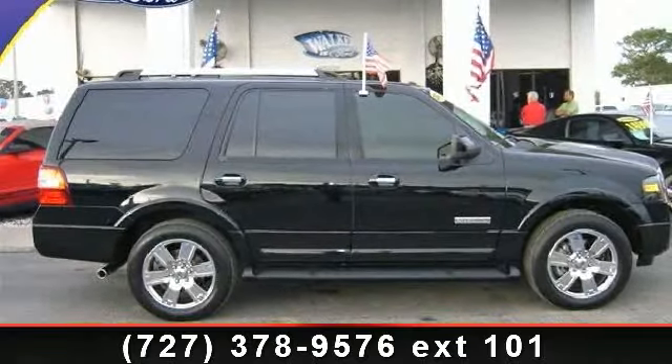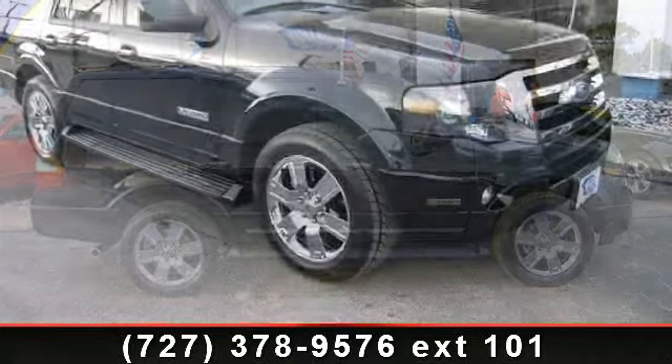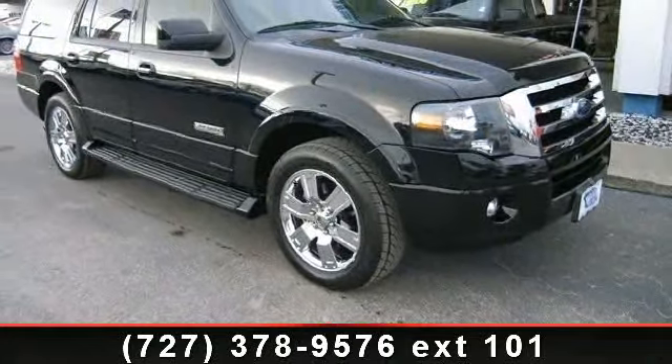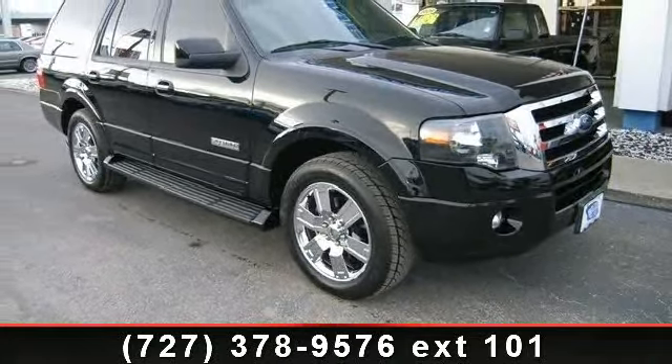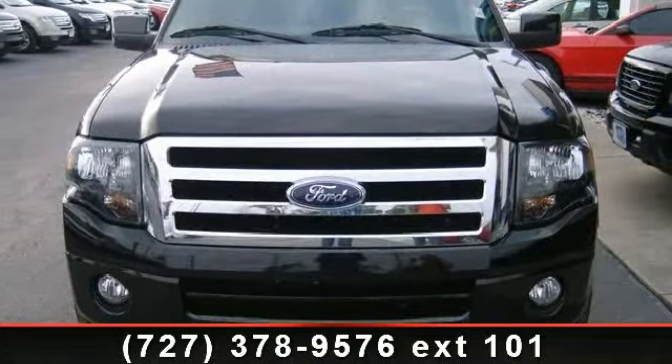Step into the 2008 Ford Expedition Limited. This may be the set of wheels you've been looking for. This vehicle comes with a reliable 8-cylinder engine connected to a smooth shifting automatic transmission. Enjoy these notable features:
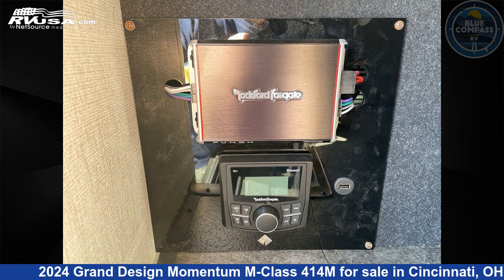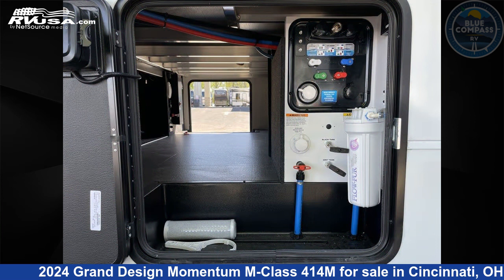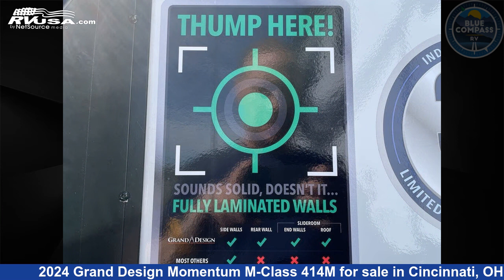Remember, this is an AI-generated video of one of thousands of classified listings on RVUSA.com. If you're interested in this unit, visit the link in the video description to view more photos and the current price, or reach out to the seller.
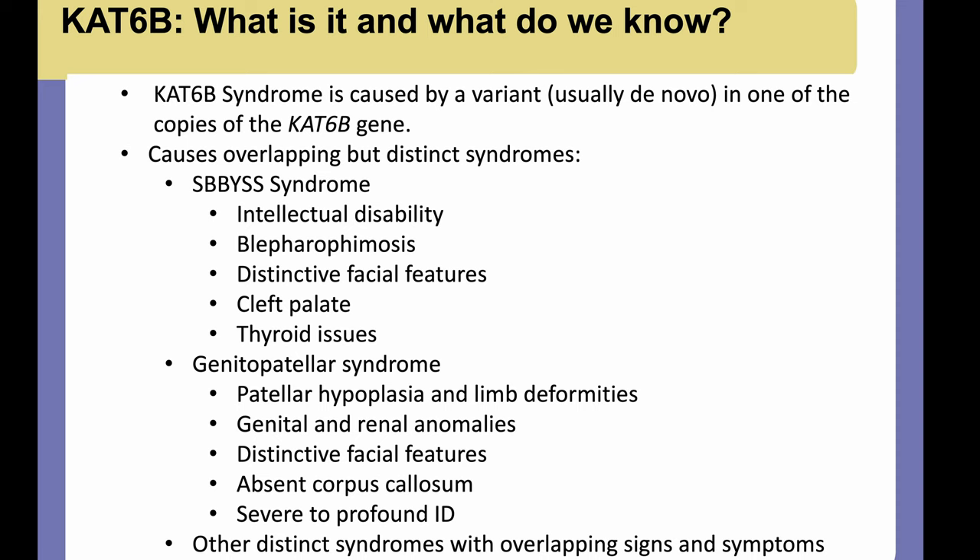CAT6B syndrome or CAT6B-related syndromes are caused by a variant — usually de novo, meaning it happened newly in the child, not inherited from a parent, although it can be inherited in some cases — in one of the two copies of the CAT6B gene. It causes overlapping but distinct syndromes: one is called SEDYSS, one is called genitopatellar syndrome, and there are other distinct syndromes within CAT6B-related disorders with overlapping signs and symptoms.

----------

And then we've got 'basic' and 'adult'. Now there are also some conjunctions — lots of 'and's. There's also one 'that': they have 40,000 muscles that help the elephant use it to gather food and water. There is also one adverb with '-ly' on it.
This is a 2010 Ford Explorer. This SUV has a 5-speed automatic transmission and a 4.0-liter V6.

----------

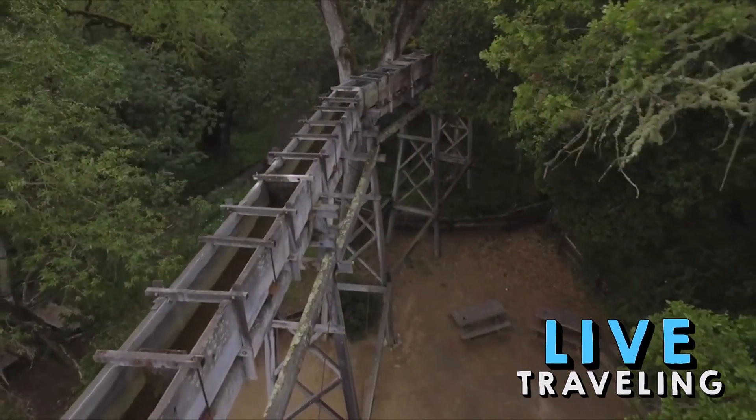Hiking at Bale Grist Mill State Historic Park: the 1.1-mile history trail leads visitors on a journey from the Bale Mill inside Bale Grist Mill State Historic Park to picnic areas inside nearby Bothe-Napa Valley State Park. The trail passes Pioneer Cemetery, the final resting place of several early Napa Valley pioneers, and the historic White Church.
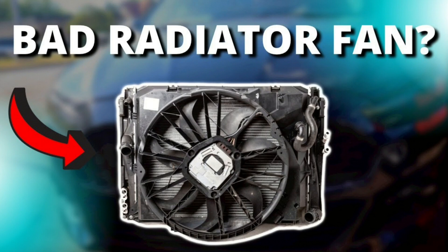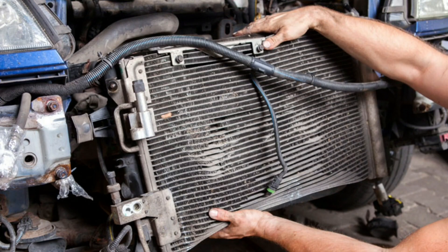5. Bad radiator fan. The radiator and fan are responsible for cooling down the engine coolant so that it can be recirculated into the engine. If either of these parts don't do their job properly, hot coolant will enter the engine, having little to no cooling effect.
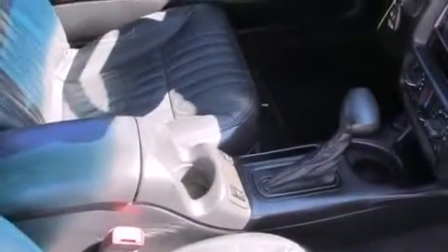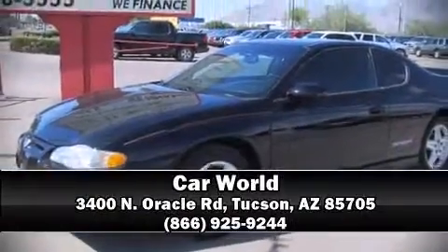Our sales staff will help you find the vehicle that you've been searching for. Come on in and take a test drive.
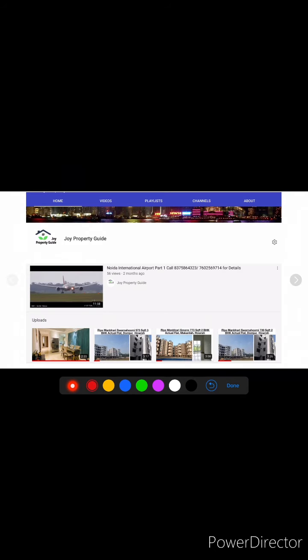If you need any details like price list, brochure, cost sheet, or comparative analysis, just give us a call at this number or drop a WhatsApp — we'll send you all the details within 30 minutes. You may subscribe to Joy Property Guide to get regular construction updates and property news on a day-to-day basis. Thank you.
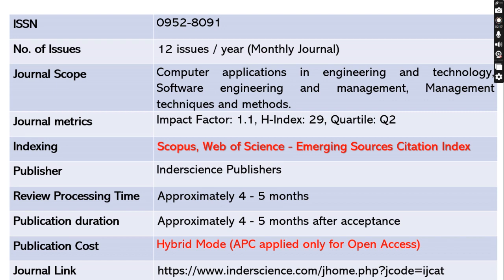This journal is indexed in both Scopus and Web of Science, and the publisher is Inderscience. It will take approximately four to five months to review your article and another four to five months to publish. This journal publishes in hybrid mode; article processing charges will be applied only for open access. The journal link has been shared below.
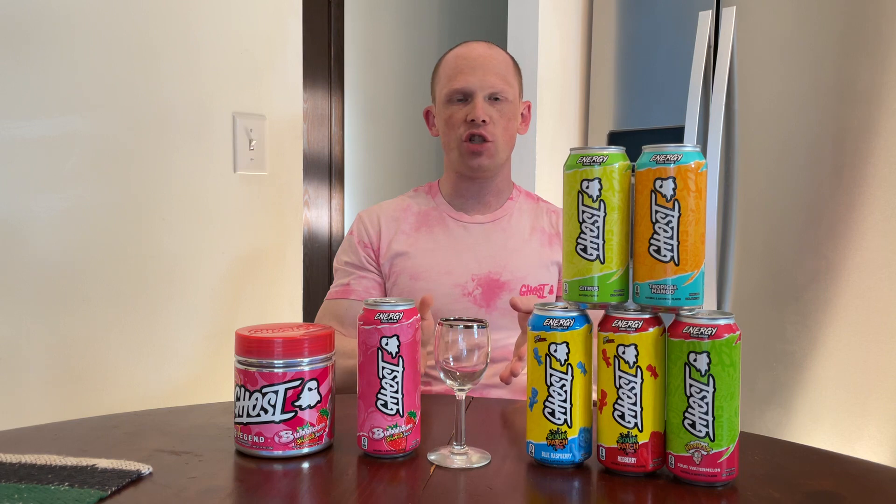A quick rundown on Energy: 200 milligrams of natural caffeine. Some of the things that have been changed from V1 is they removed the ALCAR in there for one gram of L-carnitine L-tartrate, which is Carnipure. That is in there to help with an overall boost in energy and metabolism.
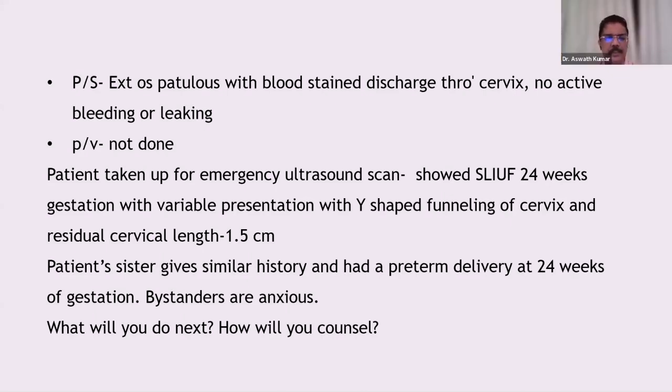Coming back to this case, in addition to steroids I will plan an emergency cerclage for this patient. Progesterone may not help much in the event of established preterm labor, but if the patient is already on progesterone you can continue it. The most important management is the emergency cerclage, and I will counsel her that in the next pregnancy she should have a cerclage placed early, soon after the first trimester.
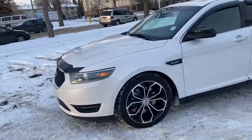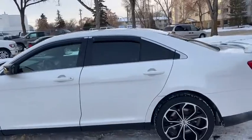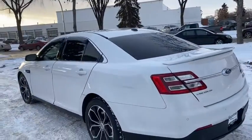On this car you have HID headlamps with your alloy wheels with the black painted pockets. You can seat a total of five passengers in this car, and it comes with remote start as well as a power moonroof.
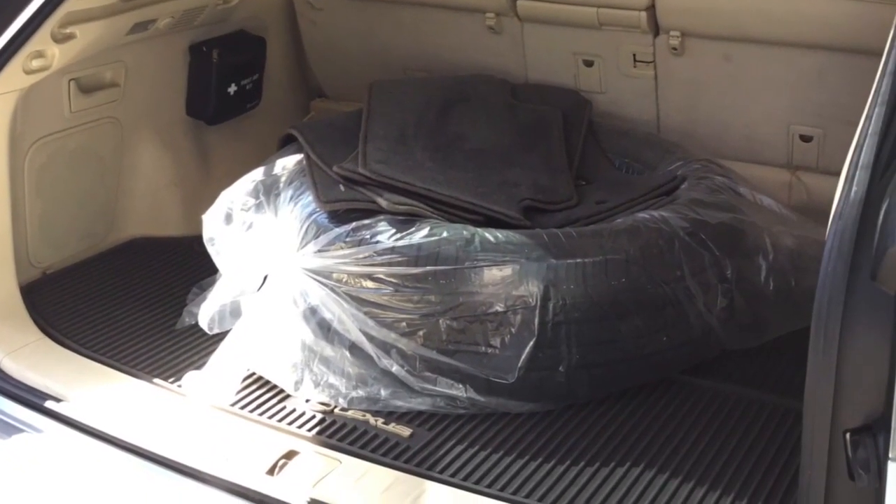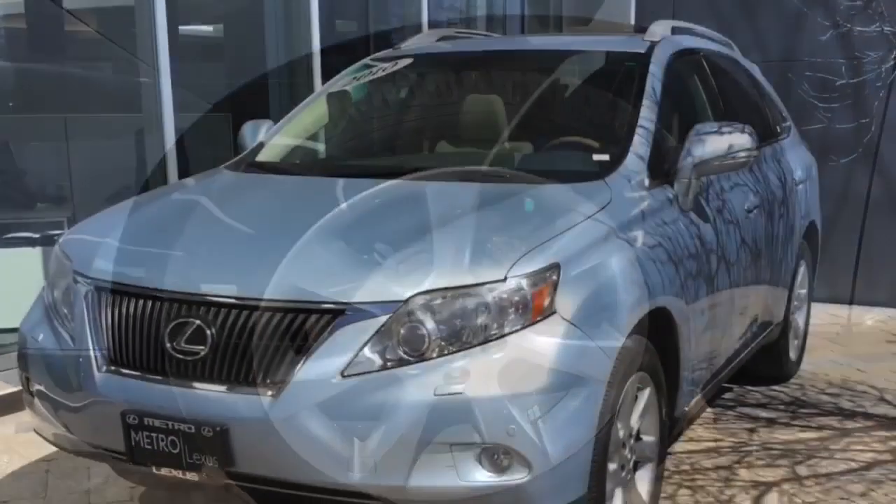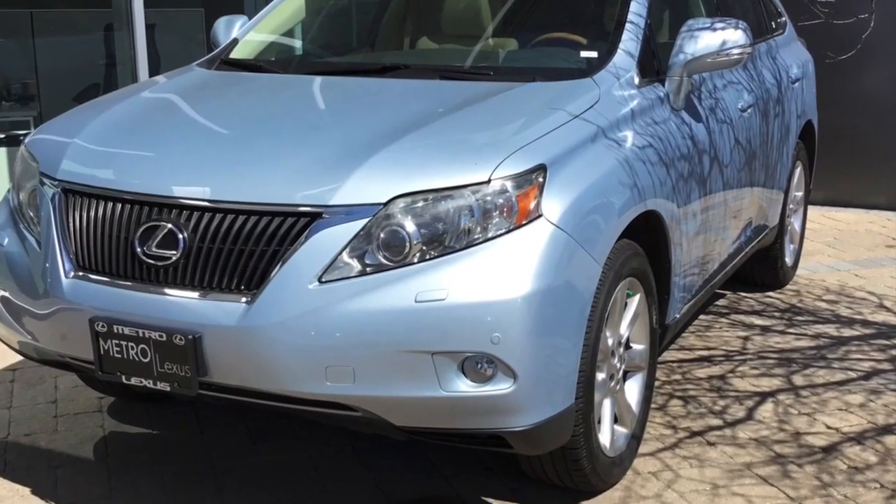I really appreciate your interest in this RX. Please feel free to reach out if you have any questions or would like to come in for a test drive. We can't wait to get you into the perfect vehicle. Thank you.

----------

**Task to complete**
Return word for word the lines of the listing above, starting at the line with "This journal is" and ending at the line with "I really appreciate", both included. Pictures do not belong in the copy.

**Task solution**
This journal is indexed in both Scopus and Web of Science, and the publisher is Inderscience. It will take approximately four to five months to review your article and another four to five months to publish. This journal publishes in hybrid mode; article processing charges will be applied only for open access. The journal link has been shared below.
A quick rundown on Energy: 200 milligrams of natural caffeine. Some of the things that have been changed from V1 is they removed the ALCAR in there for one gram of L-carnitine L-tartrate, which is Carnipure. That is in there to help with an overall boost in energy and metabolism.
Coming back to this case, in addition to steroids I will plan an emergency cerclage for this patient. Progesterone may not help much in the event of established preterm labor, but if the patient is already on progesterone you can continue it. The most important management is the emergency cerclage, and I will counsel her that in the next pregnancy she should have a cerclage placed early, soon after the first trimester.
On this car you have HID headlamps with your alloy wheels with the black painted pockets. You can seat a total of five passengers in this car, and it comes with remote start as well as a power moonroof.
I really appreciate your interest in this RX. Please feel free to reach out if you have any questions or would like to come in for a test drive. We can't wait to get you into the perfect vehicle. Thank you.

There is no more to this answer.